I think it’s plausible that the data dependence will act like it’s 3 OOM smaller. Compute dependence will be different, though, right? Even if you’re just finetuning part of the model you have to run the whole thing to do evaluation. In a sense this actually seems like the worst of both worlds (but you get the benefit from pretraining).
Edit: Actually, I’m confused why you say a smaller model needs that factor fewer steps. I thought the slope on that one was actually quite gentle. It’s just that smaller models are cheap—or am I getting it wrong?
I think compute cost equals data x parameters, so even if parameters are the same, if data is 3 OOM smaller, then compute cost will be 3 OOM smaller.
I’m not sure I understand your edit question. I’m referring to the scaling laws as discussed and interpreted by Ajeya. Perhaps part of what’s going on is that in the sizes of model we’ve explored so far, bigger models only need a little bit more data, because bigger models are more data-efficient. But very soon it is prophecied that this will stop and we will transition to a slower scaling law according to which we need to increase data by almost as much as we increase parameter count. So that’s the relevant one I’m thinking about when thinking about TAI/AGI/etc.
I’m not sure how your reply relates to my guess, so I’m a little worried.
If you’re intending the compute comment to be in opposition to my first paragraph, then no—when finetuning a subset of the parameters, compute is not simply proportional to the size of the subset you’re finetuning, because you still have to do all the matrix multiplications of the original model, both for inference and gradient propagation. I think the point for the paper only finetuning a subset was to make a scientific point, not save compute.

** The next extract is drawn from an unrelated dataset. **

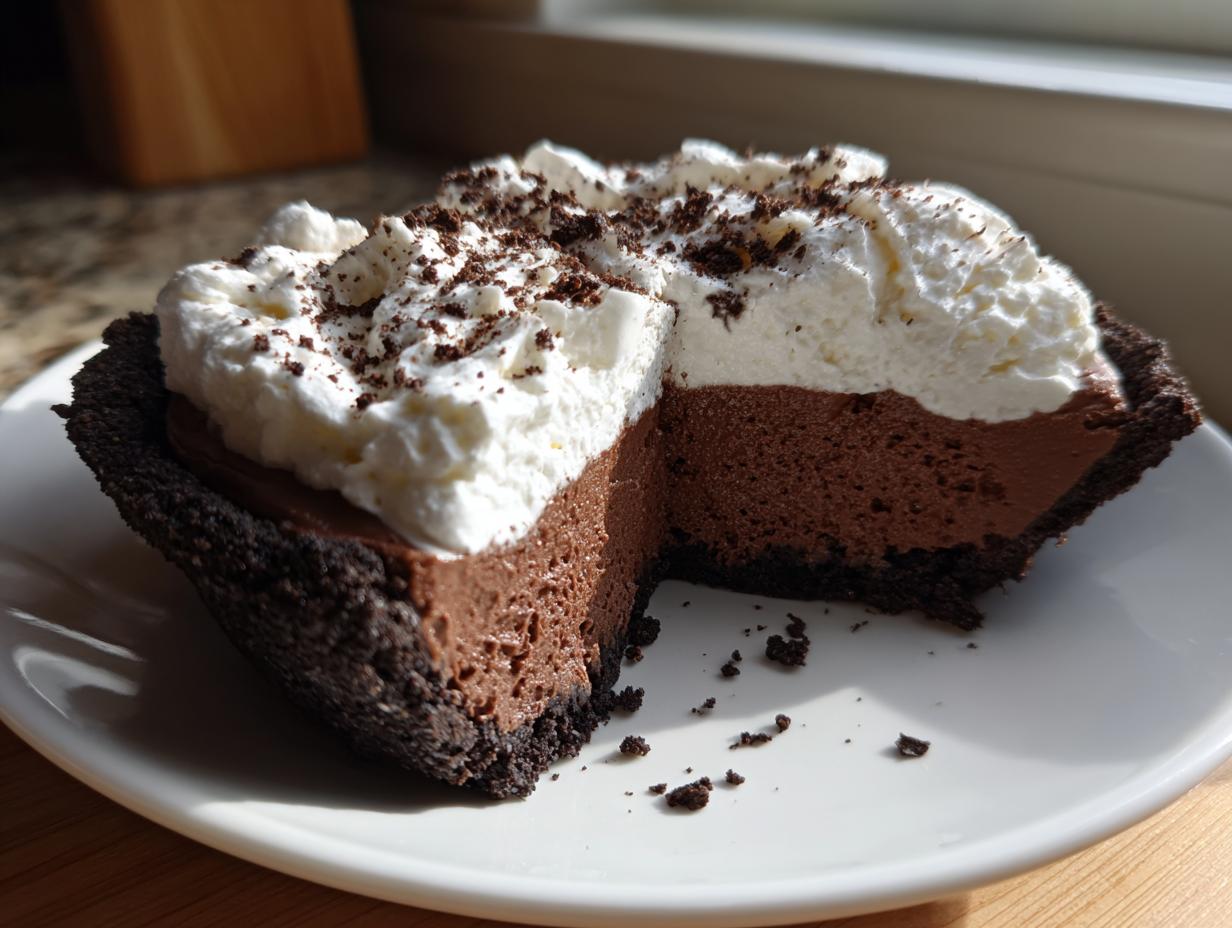 A close-up of a slice of chocolate mousse pie with a dark crust, rich filling, and topped with whipped cream and chocolate shavings.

My edit question was just because you said something about expecting the # of steps to be 3 OOM for a 3 OOM smaller model. But iirc really it’s more like the compute will be smaller, but the # of steps won’t change much (they’re just cheaper).
Do you have a reference for this picture of “need lots more data to get performance improvements?” I’ve also heard some things about a transition, but as a transition from compute-limited to data-limited, which means “need lots more compute to get performance improvements.”
I totally agree that you still have to do all the matrix multiplications of the original model etc. etc. I’m saying that you’ll need to do them fewer times, because you’ll be training on less data.
Each step costs, say, 6*N flop where N is parameter count. And then you do D steps, where D is how many data points you train on. So total flop cost is 6*N*D. When you fine-tune, you still spend 6*N for each data point, but you only need to train on 0.001D data points, at least according to the scaling laws, at least according to the orthodox interpretation around here.
I’d recommend reading Ajeya’s report (found here) for more on the scaling laws. There’s also this comment thread.
Sure, but if you’re training on less data it’s because fewer parameters is worse :P
Not according to this paper! They were able to get performance comparable to full-size networks, it seems. IDK.
I am frankly skeptical that this (section 3.9 in the pretrained frozen transformer paper) will hold up to Grad Student Descent on training parameters. But hey, maybe I’m wrong and there’s some nice property of the pretrained weights that can only be pushed into overfitting by finetuning.